Algorithms from zero

Dijkstra''''s algorithm: weighted shortest paths

Crux Dijkstra finds shortest paths from a source on graphs with non-negative edge weights. A min-heap keyed by tentative distance pops the closest unsettled vertex, settles it, then relaxes its edges. Lazy deletion replaces decrease-key. O((V+E) log V). Negatives need Bellman-Ford.

◷ 30 min

Last lesson, BFS gave you shortest paths for free—but only because every edge counted the same. Put a price tag on each edge (this road costs 1, that road costs 7) and BFS breaks: it minimizes the number of edges, not the total cost. A 2-edge route can cost far more than a 3-edge detour. Dijkstra’s algorithm fixes this. Instead of a plain queue that pops vertices in arrival order, it uses a min-priority-queue that always pops the vertex with the smallest tentative distance so far. Each pop “settles” a vertex—locks in its final shortest distance—and then “relaxes” its outgoing edges, lowering its neighbors’ tentative distances. It is BFS upgraded for weights, and it powers real routing: maps, networks, anything where moving costs differ.

Goal

After this lesson you can implement Dijkstra’s algorithm with a binary-heap min-priority-queue. You understand the two core operations: settle (pop the closest unsettled vertex and lock its distance as final) and relax (if dist[u] + w(u,v) < dist[v], lower dist[v] and record parent[v] = u). You maintain dist[] and parent[] so you can reconstruct a concrete cheapest path. You know the lazy-deletion trick: a binary heap has no decrease-key, so you push duplicate entries and skip stale pops. You understand—and can explain why—Dijkstra is correct only with non-negative weights, and that negative edges require Bellman-Ford instead. You know BFS is the special case where all weights equal 1. Cost: O((V+E) log V) time, O(V) space.

The idea

The weighted shortest path question

In a weighted graph, every edge carries a number—its weight or cost. The length of a path is the sum of its edge weights, not the count of edges. The shortest path from a source to a target is the path with the smallest total cost. We want, for every reachable vertex, that minimum cost plus a concrete route.

Why BFS is not enough

BFS pops vertices in arrival order (FIFO), which equals distance order only when all edges cost the same. With mixed weights, a vertex that is few edges away might be expensive, and a vertex many edges away might be cheap. We need to always expand the cheapest frontier next, not the nearest-in-edges frontier. That is the one change Dijkstra makes: swap the FIFO queue for a min-priority-queue keyed by tentative distance.

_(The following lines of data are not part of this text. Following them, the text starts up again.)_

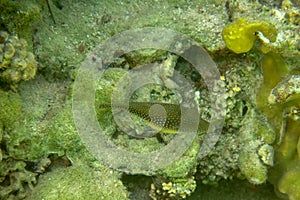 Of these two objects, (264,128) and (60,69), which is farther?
(264,128)

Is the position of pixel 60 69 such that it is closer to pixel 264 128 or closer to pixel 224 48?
pixel 224 48

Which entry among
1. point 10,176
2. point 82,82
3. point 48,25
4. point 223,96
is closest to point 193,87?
point 223,96

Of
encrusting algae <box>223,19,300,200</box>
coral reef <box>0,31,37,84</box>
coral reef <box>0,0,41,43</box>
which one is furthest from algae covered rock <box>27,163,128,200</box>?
encrusting algae <box>223,19,300,200</box>

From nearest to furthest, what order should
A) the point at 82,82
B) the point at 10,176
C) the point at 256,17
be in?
the point at 10,176 → the point at 82,82 → the point at 256,17

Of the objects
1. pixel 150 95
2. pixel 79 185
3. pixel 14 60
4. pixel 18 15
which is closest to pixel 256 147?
pixel 150 95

Settle and relax: the two operations

Dijkstra keeps a tentative distance dist[v] for every vertex (start at infinity, except dist[source] = 0). It repeats two steps until the queue is empty:

Settle: pop the unsettled vertex u with the smallest dist[u]. Its distance is now final—no cheaper route to u can exist. Mark it settled.
Relax: for each outgoing edge u -> v of weight w, check whether going through u beats the best route known to v. If dist[u] + w < dist[v], then update dist[v] = dist[u] + w, set parent[v] = u, and push v into the queue with its new key.

The settle invariant is the heart of the proof: when a vertex is popped as the minimum, every other route to it must pass through some still-larger tentative distance, so it cannot be cheaper. This is exactly why non-negative weights are required (more below).

Example graph (directed, weighted)

Adjacency list (vertex -> [neighbor, weight]):
A: [B:4, C:1]
B: [E:4]
C: [B:2, D:5]
D: [E:2]
E: [F:3]
F: []

Visual (arrows show direction, numbers are weights):

        4
   A ------> B
   |         |
  1|         |4
   v   2     v   3
   C ------> E ------> F
   |         ^
  5|        2|
   v         |
   D --------+

Note the trap the direct edge A->B sets: it costs 4, but the detour A->C->B costs 1+2 = 3. Dijkstra must discover the cheaper route through C.

Worked relaxation trace (source = A)

Start with dist[A]=0, everything else infinity. The min-heap holds (distance, vertex) pairs.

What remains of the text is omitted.